* **EXERCISE**:
Retype exactly every line from the one that includes "Favori Gıda Son" through the final line of the listing, both ends kept, and omit the pictures.
____
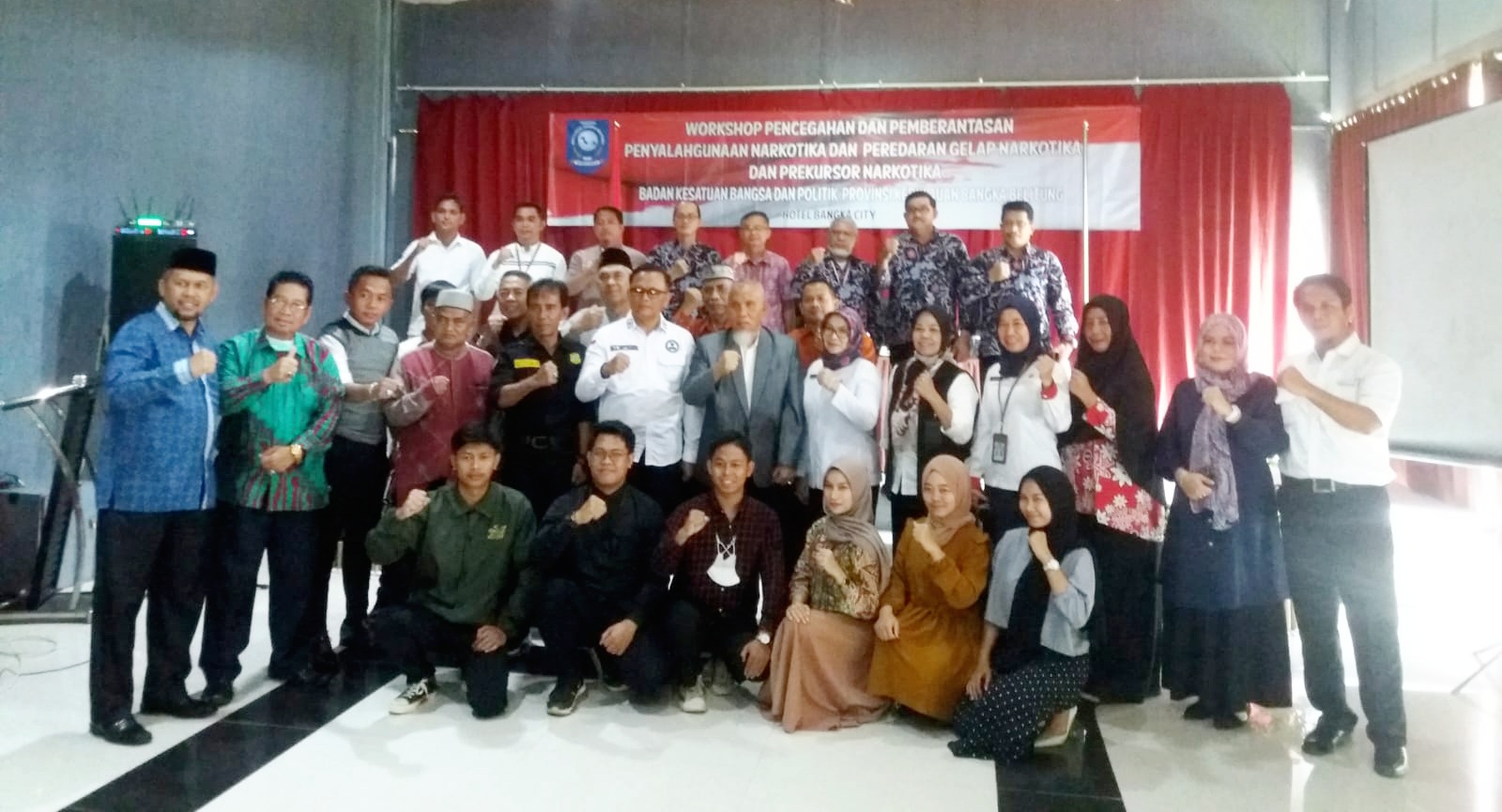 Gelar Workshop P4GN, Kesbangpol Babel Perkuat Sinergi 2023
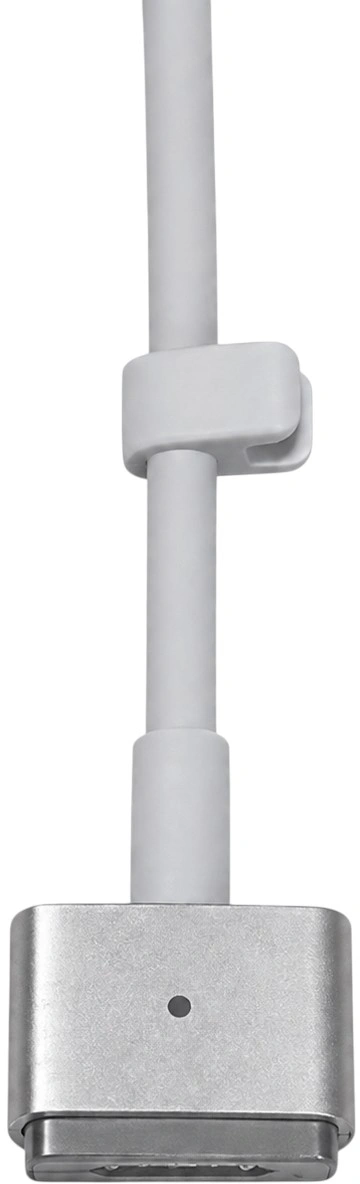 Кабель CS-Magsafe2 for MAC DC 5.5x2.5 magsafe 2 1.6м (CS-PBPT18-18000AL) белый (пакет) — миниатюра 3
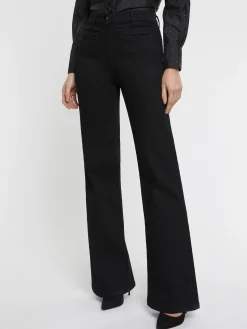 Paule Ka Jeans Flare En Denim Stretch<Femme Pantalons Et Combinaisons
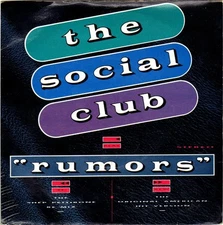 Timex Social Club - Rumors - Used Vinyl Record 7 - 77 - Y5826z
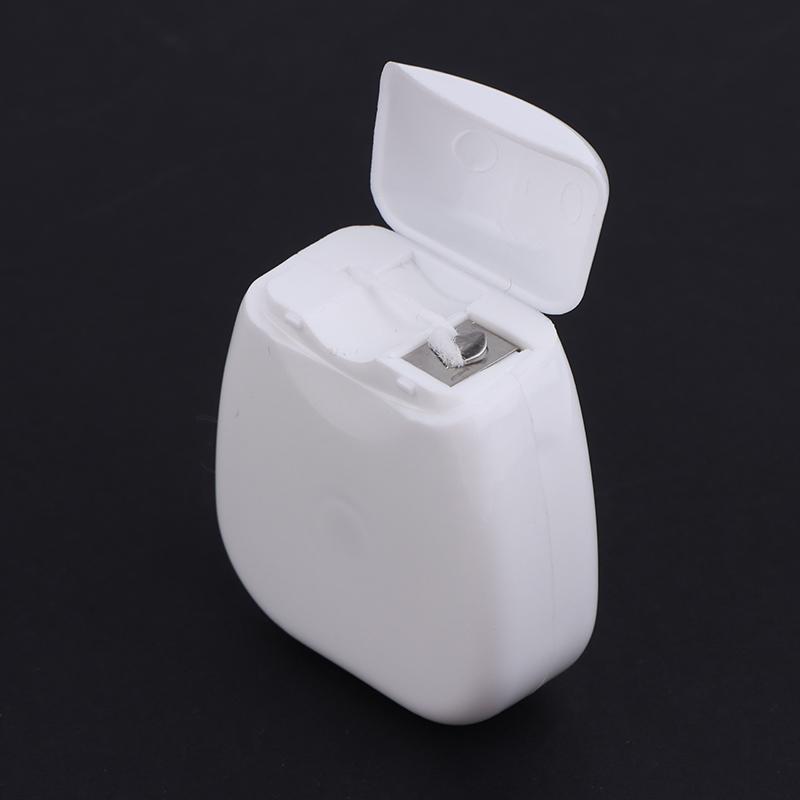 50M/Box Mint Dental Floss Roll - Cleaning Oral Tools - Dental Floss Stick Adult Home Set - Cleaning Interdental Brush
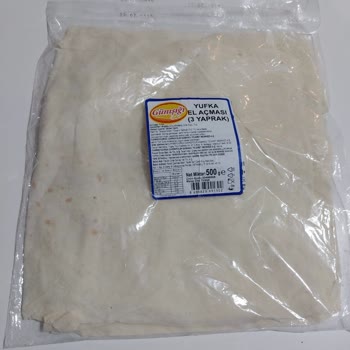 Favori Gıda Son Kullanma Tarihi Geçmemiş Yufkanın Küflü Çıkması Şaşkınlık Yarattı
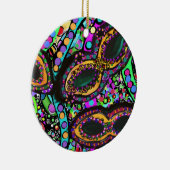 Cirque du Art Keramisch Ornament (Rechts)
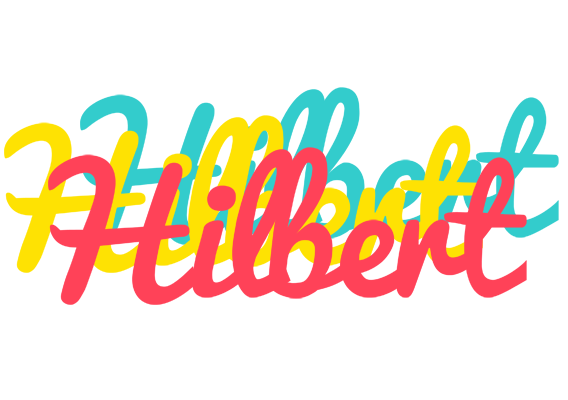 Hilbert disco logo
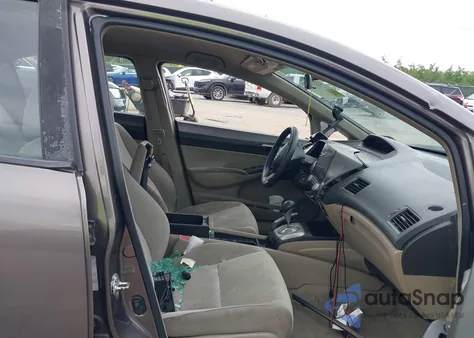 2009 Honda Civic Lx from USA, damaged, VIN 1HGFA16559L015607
____
* **EXERCISE RESPONSE**:
 Favori Gıda Son Kullanma Tarihi Geçmemiş Yufkanın Küflü Çıkması Şaşkınlık Yarattı
 Cirque du Art Keramisch Ornament (Rechts)
 Hilbert disco logo
 2009 Honda Civic Lx from USA, damaged, VIN 1HGFA16559L015607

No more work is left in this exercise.